Che questo giorno possa essere uno dei tanti per noi uomini per fare ammenda e ricordare a tutti quanto voi siate importanti, né più né meno ma sullo stesso piano, una bilancia che ha bisogno di energia femminile accogliente e amorevole, dolce e morbida, balsamo per la nostra anima e unguento per le nostre ferite, sapienza per il nostro intelletto e pazienza per le nostre minchiate.
Il mio debole per voi donne è che mi avete portato a quello che sono oggi (bhé una più di tutte lo ammetto, ma già l'ho sposata e se Dio vuole ci morirò accanto), ognuno di voi di passaggio o presenza viva ha aggiunto un tassello per la mia crescita, ve ne sarò eternamente grato.
Ho scelto la foto di Chiara perché lei è donna e mamma, connubio importantissimo per dare ancora più valore a quello che ho scritto sopra.

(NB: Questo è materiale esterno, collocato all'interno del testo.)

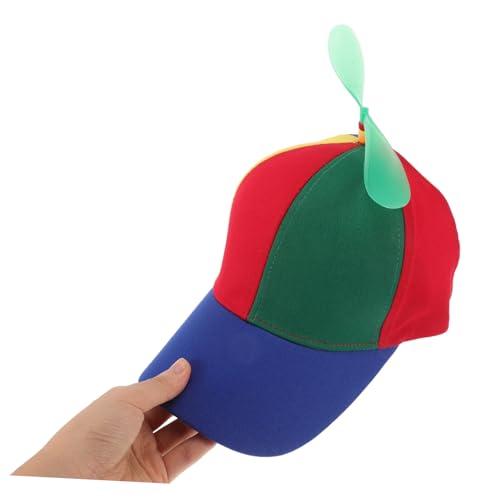 Detachable Propeller Baseball Cap for Adults Funny Dragonfly Design Parent Matching Sun Hat for Spring Summer for Outdoor Activities and Family Outings Multi3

Mi risuona spesso una frase di Massimo Recalcati sul ruolo della madre: "Tutte le madri ospitano e crescono la vita, ma su di essa non hanno diritto... Tante madri mi hanno raccontato che al momento del parto c'è un piccolo istante in cui il bambino è in bilico tra dentro e fuori: ebbene, tutte sono concordi nell'avere percepito la sensazione che se non lo avessero lasciato andare, sarebbe morto. Ogni figlio, in questo senso, è destinato ad essere perduto. Ma questo è il dono della libertà. La madre/donna deve tenere insieme la cura particolareggiata per il figlio e per il marito facendo loro il dono della sua assenza".